BFD vs network brownouts

David_Zimmerman · January 8, 2025, 10:20pm

Hi, all. BFD is well known for what it brings to the table for improving link failure detection; however, even at a reasonably athletic 300ms Control rate, you’re not going to catch a significant percentage of brownout situations where you have packet loss but not a full outage. I’m trying to:

Jason_Iannone · January 9, 2025, 1:36am

BFD is binary. Service OAM 802.3ag / ITU-T Y.1731 generates time series data that talks to service reliability and SLA. OAM offers interface shut and fault propagation as well, which means it’s both an observability tool and an operational one. BFD is just not the thing for measuring the reliability of network services.

Saku_Ytti1 · January 9, 2025, 7:56am

I agree with what Jason wrote, that this is not what BFD was designed for.
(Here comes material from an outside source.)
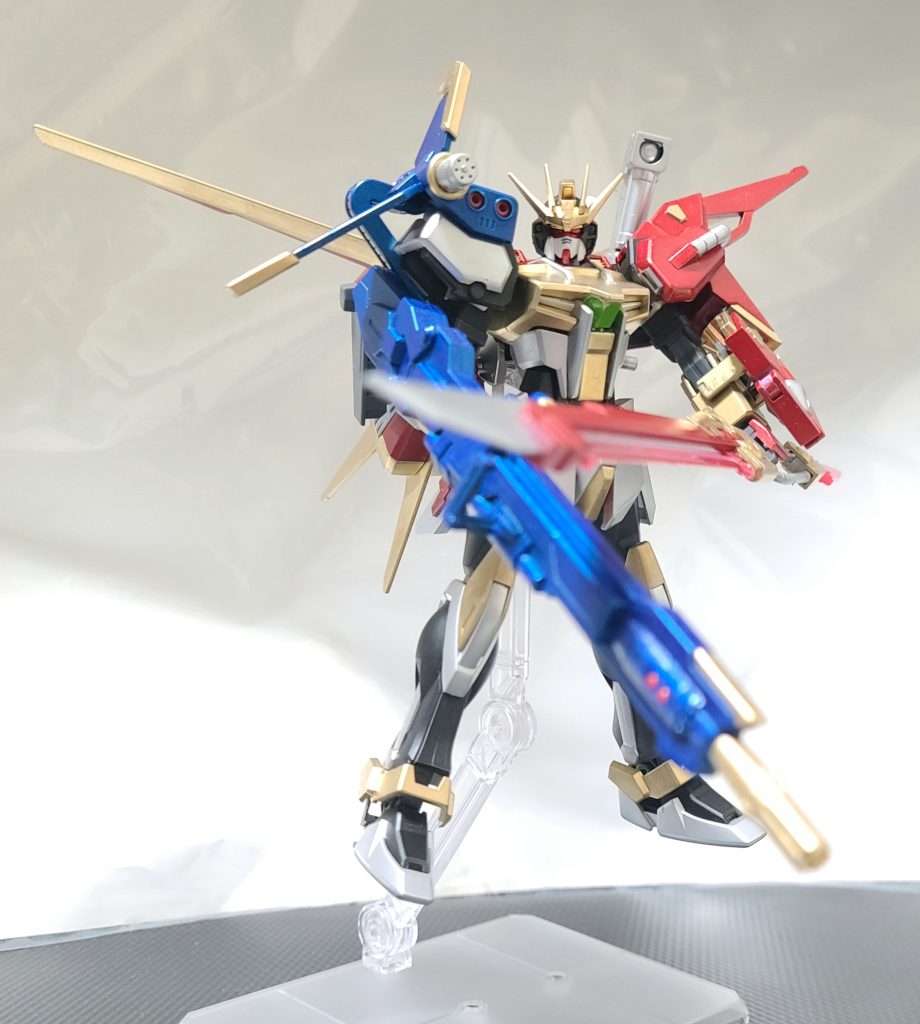 正直、トリニティフォームだと全然動かせなくて、ポージングに迷います。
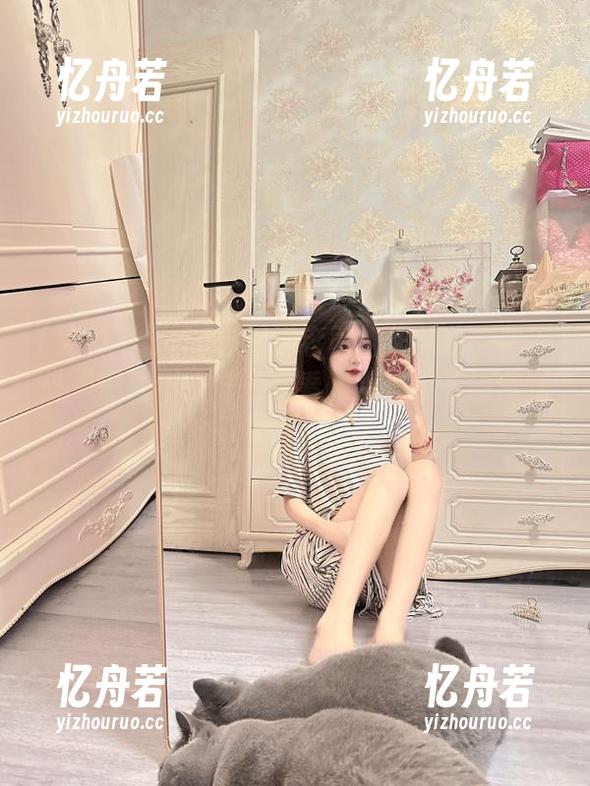 黑料不打烊 想知道老司机们的秘密吗?来“黑料不打烊”看看,别忘了下载传送门!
In SONET/SDH even WAN-PHY you could declare interface down if BER
threshold went beyond what you consider acceptable. For more modern
interfaces your best bet is RS-FEC and preFEC error rate as predictor,
possibly multimetric decision including also DDM data and projections.
To my knowledge vendors currently don't have software support to
assert RFI on preFEC counters, infact last time I looked you couldn't
even SNMP GET FEC counters, for which I opened Enhancement Requests to
vendors. So today you'd need to do this with screenscraping and manual
interface down, which is a much bigger hammer than RFI assertion.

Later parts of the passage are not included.